The White House has completed its review of the EPA’s plan and returned it to the EPA for further action, according to the website for the Office of Management and Budget. The EPA is expected to announce the proposal on Friday, the sources said.

The oil and biofuel industries, both major lobbying powers in Washington, have highly anticipated the release of the proposal, which will determine the fate of billions of dollars in fuel and tradable credit transactions.

Under the Renewable Fuel Standard, refiners are required to blend massive volumes of biofuels into the nation’s fuel supply or purchase credits, called RINs, from those that do.

As one of the first decisions the current Trump administration makes regarding federal biofuel policy, the proposal will also give insight into whether President Donald Trump will bolster the biofuel industry, which has at times been at odds with oil companies.

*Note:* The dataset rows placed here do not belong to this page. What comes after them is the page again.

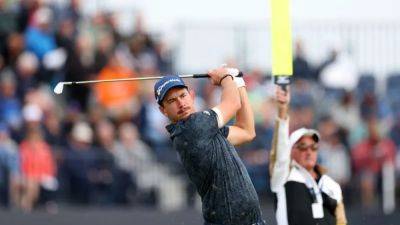 Cameron Smith - Lucas Herbert - Hungry Herbert holds lead at Australian Open as Smith stumbles - channelnewsasia.com - Usa - Australia - South Korea - county Johnston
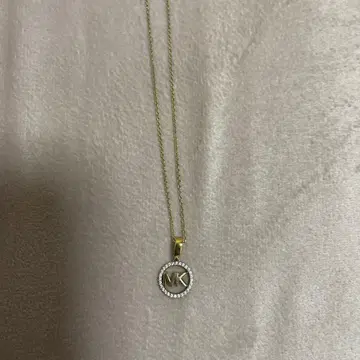 마이클코어스 목걸이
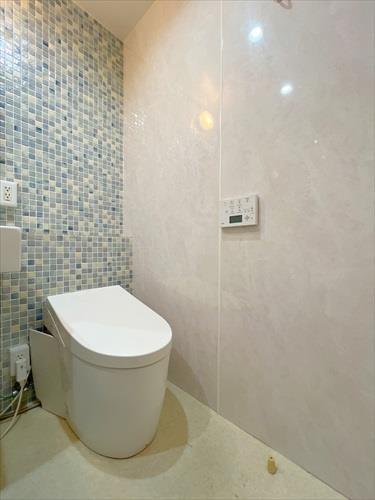 トイレ(ウォシュレット付き)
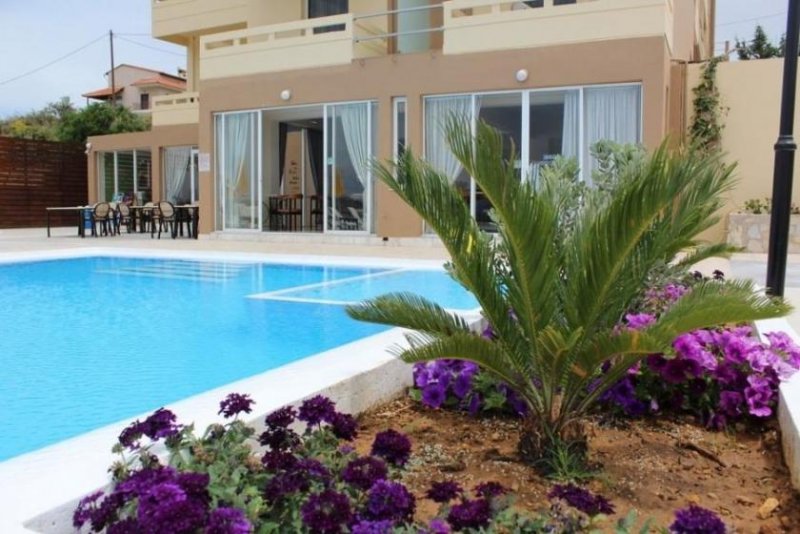 Stalos Kreta, Stalos: Hotel mit Pool und Panoramablick aufs Meer zu verkaufen Gewerbe kaufen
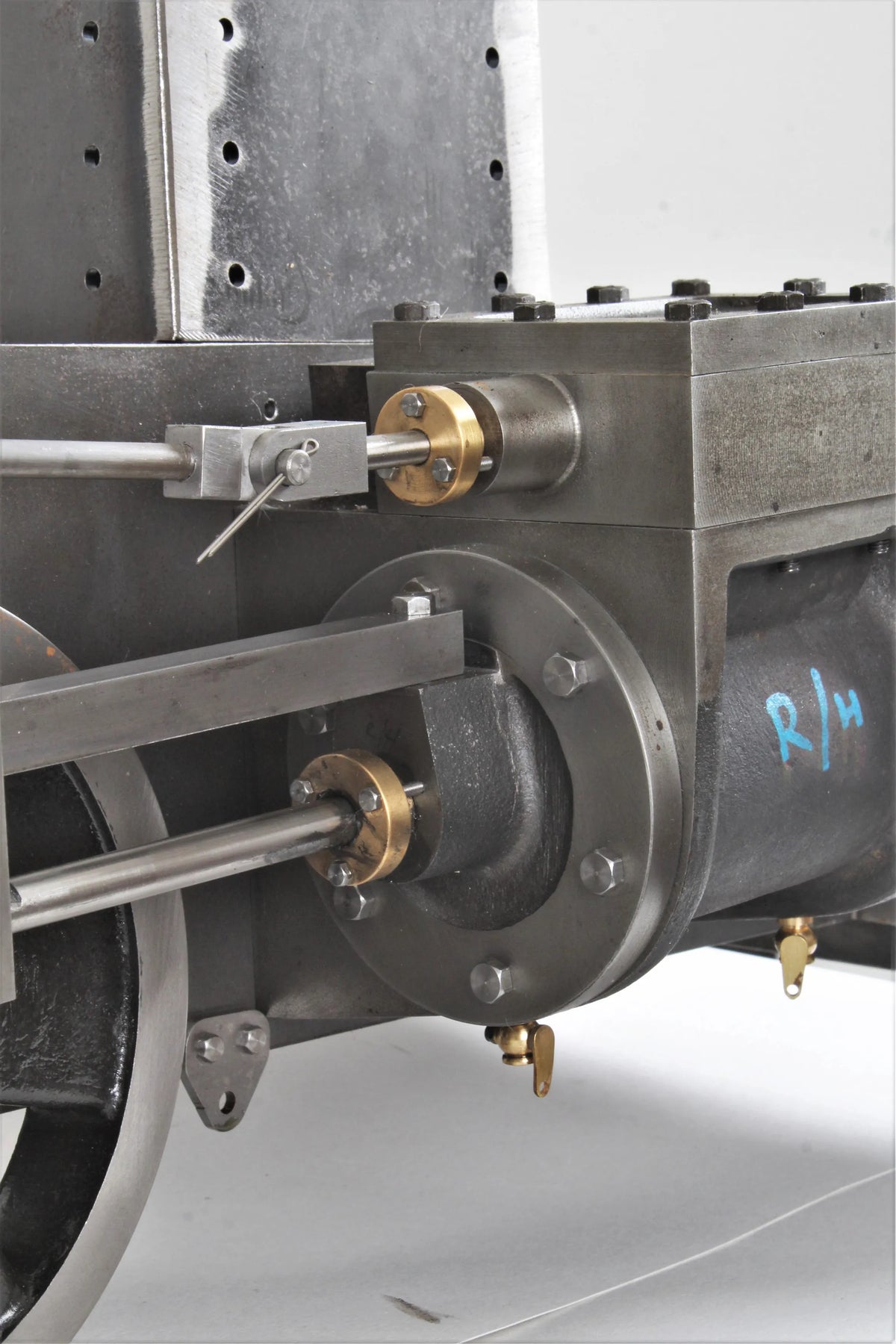 7 1/4 inch gauge "Sweet William" 0-4-2ST with commercial boiler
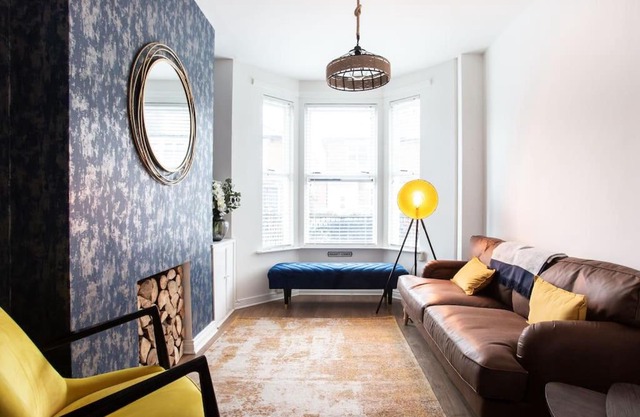 Luxurious 4-Bed Townhouse in the Heart of Belfast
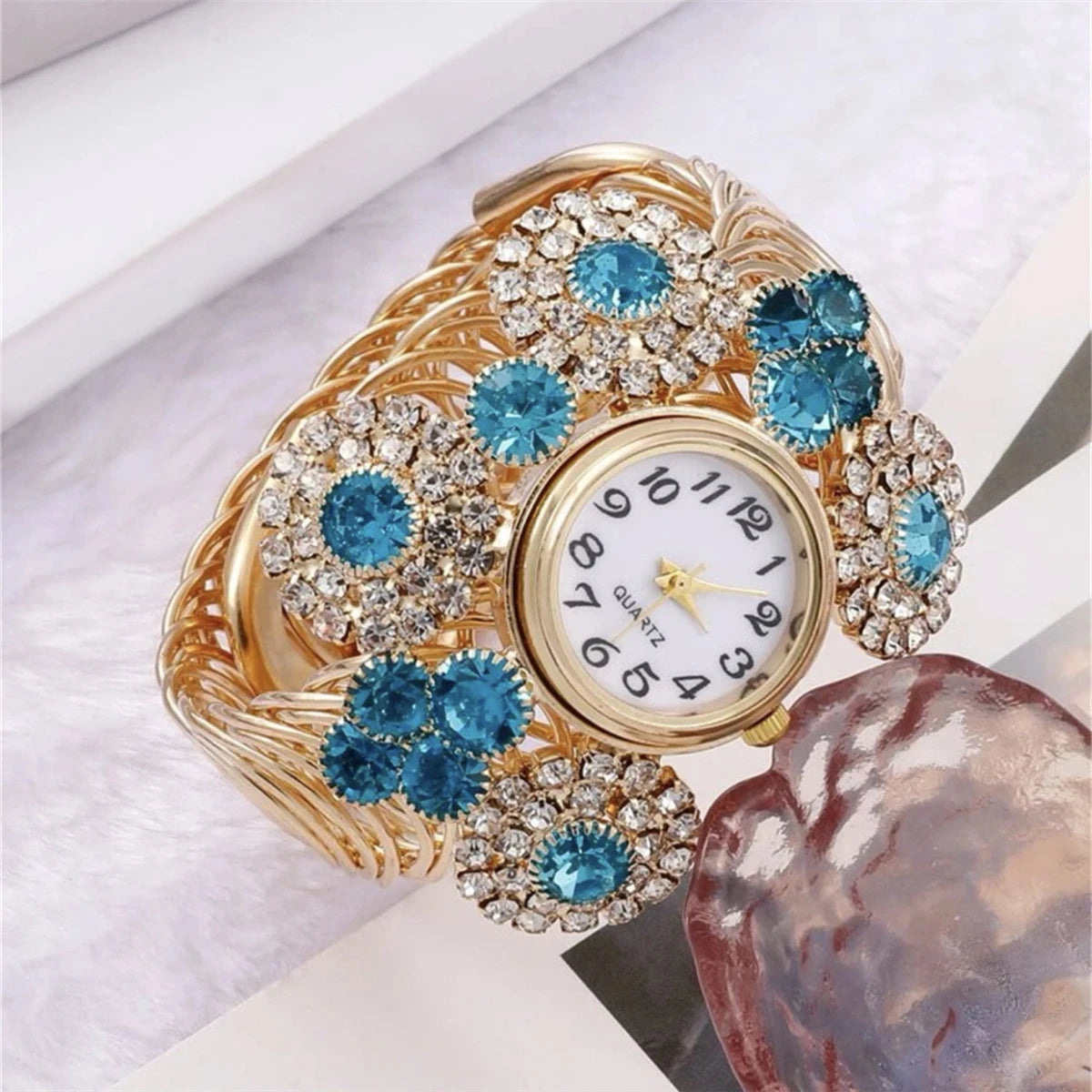 6pcs set of personalized luxury women's bracelets, bracelets, quartz watches, trendy and fashionable full diamond versatile holi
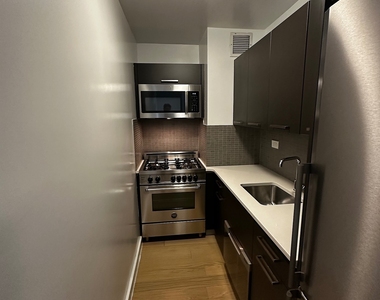 East 39th Street - Photo Thumbnail 5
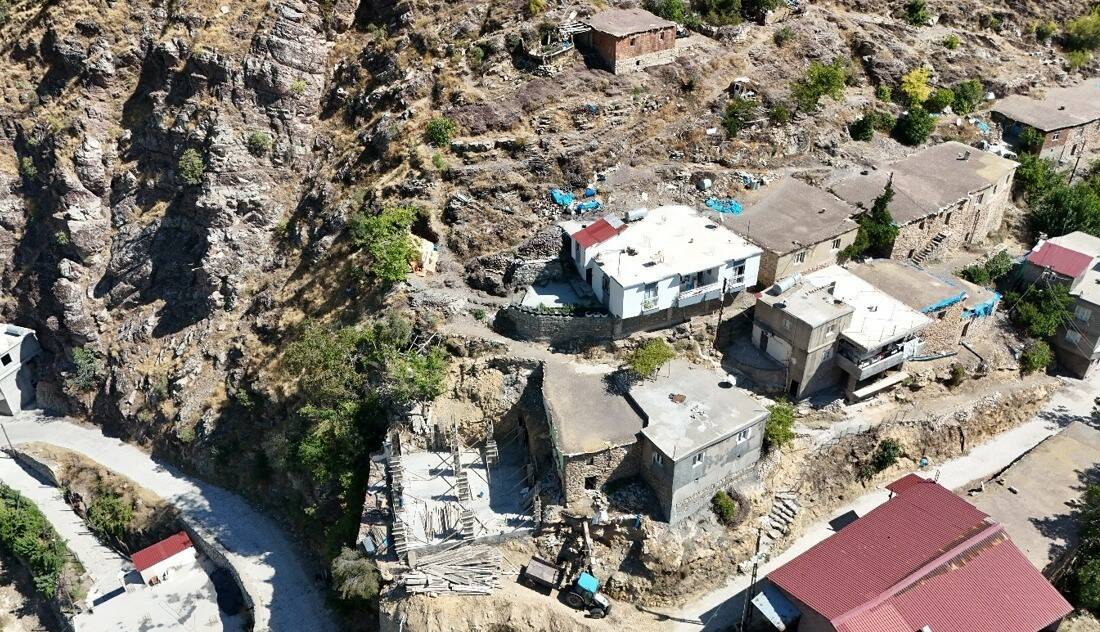 Şırnak’ın Uludere ilçesi Ödül Mahallesi sakinlerinin yıllardır yaşadığı kaya düşme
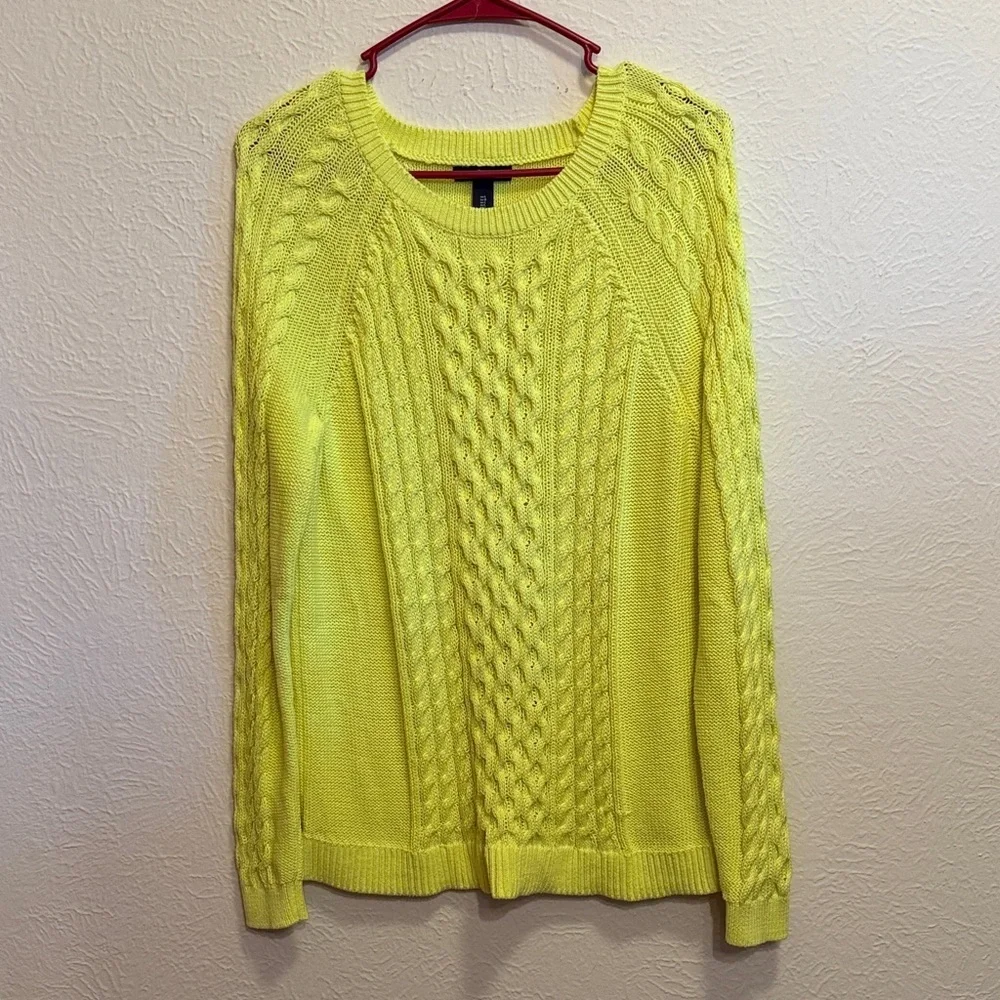 ✅✅✅BOGOHO✅✅✅ Gap Yellow Cable Knit Sweater-Large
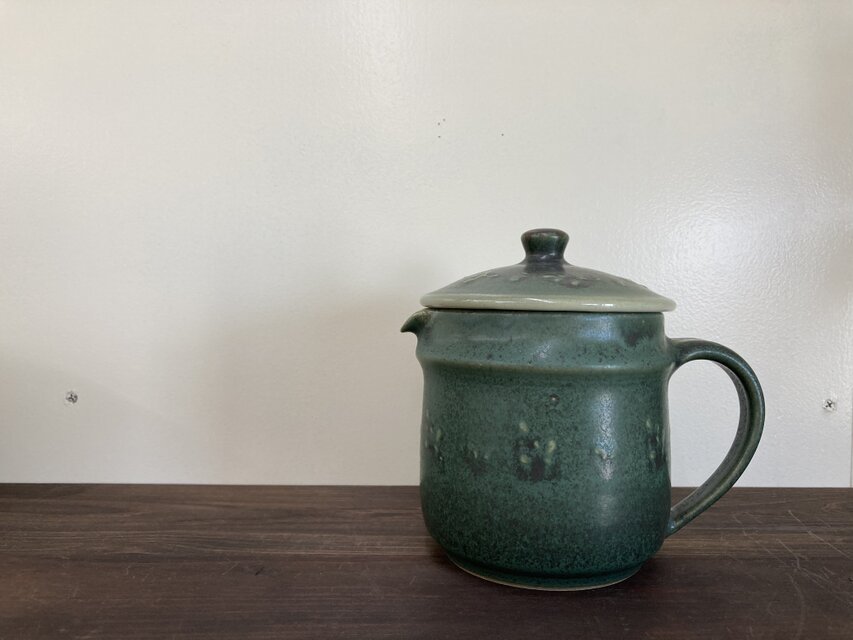 ピッチャー　緑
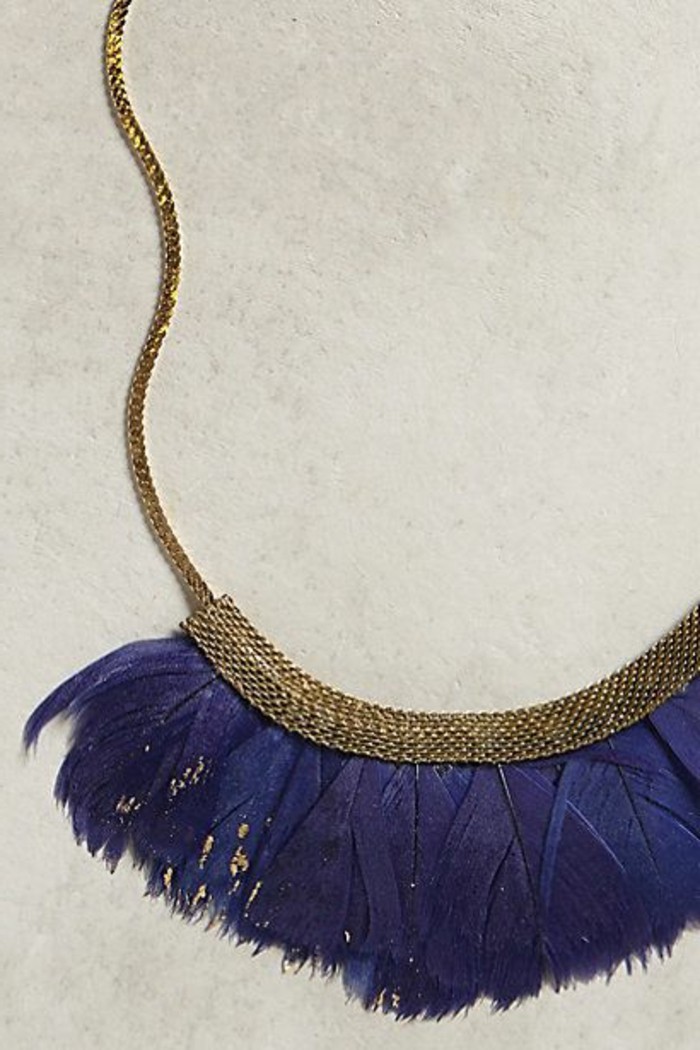 les-bijoux-originaux-femme-avec-plumes-bleu-foncé-les-tendances-chez-les-bijoux-femme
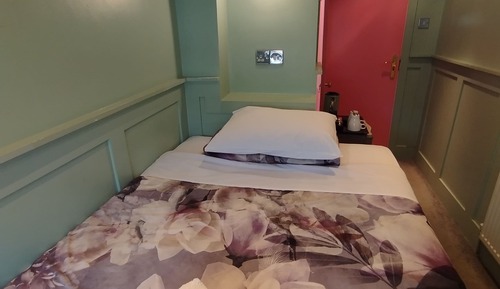 Single Room, 1 Twin Bed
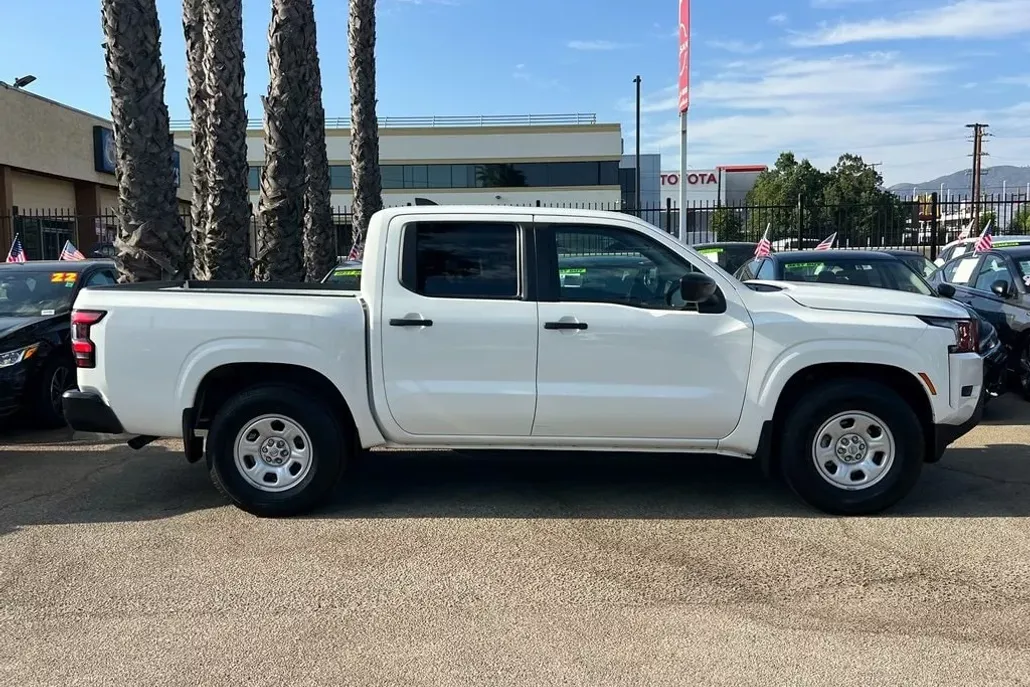 2024 Nissan Frontier S photo 1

The EPA’s proposal is expected to cover both 2026 and 2027, Reuters previously reported.

The biomass-based diesel blending requirements are a major focus of the proposal for industry participants, as some believed previous obligations were too low.

A U.S. and biofuel coalition led by the American Petroleum Institute advocated in recent months that the EPA propose federal mandates for biomass diesel blending for 2026 at 5.25 billion gallons, which would be a significant increase from previous mandates, Reuters previously reported, citing sources.

However, sources told Reuters on Thursday that the EPA was expected to propose biomass-based diesel blending quotas lower than 5.25 billion gallons.

The EPA had set biomass-based diesel mandates for the 2025 compliance year at 3.35 billion gallons.

The coalition, which brought some oil and biofuel groups together in a historically unusual move, had also recommended total federal biofuel blending mandates for 2026 – including corn-based ethanol and advanced biofuels – at 25 billion gallons.

The EPA did not comment on the quota levels.

Republican Senator Chuck Grassley of Iowa, a biofuels advocate and the second-highest-ranking official in the Senate, posted on social media platform X in response to Reuters’ report. “If Pres Trump wants 5 closed biodiesel plants to reopen & jobs in rural America we’ve got to hv the 5.25 BILLION for biodiesel,” he posted.

The agency said it would post the proposal on the EPA’s website once Administrator Lee Zeldin signs it.

Biomass-based (D4) credits RIN-D4-US were bid at 96 and 97¢ each, down from trading at $1.02 each on Wednesday.

Renewable fuel (D6) credits <RIN-D6-US> for 2025 traded at 92.5¢ on Thursday, down from 94.5¢ and 95¢ each on Wednesday, traders said.

Industry participants are also awaiting indication on how the EPA will address outstanding requests from small refineries for exemptions to the mandates. Small refiners can seek exemptions to the obligations if they can prove the requirements would cause them undue harm.

The White House is weighing a plan to clear a record backlog of those requests, Reuters previously reported, citing sources, which could include approving many current applications and requesting industry input to deal with older ones.

There are more than 160 outstanding requests for exemptions that represent potentially billions of dollars worth of tradable credits.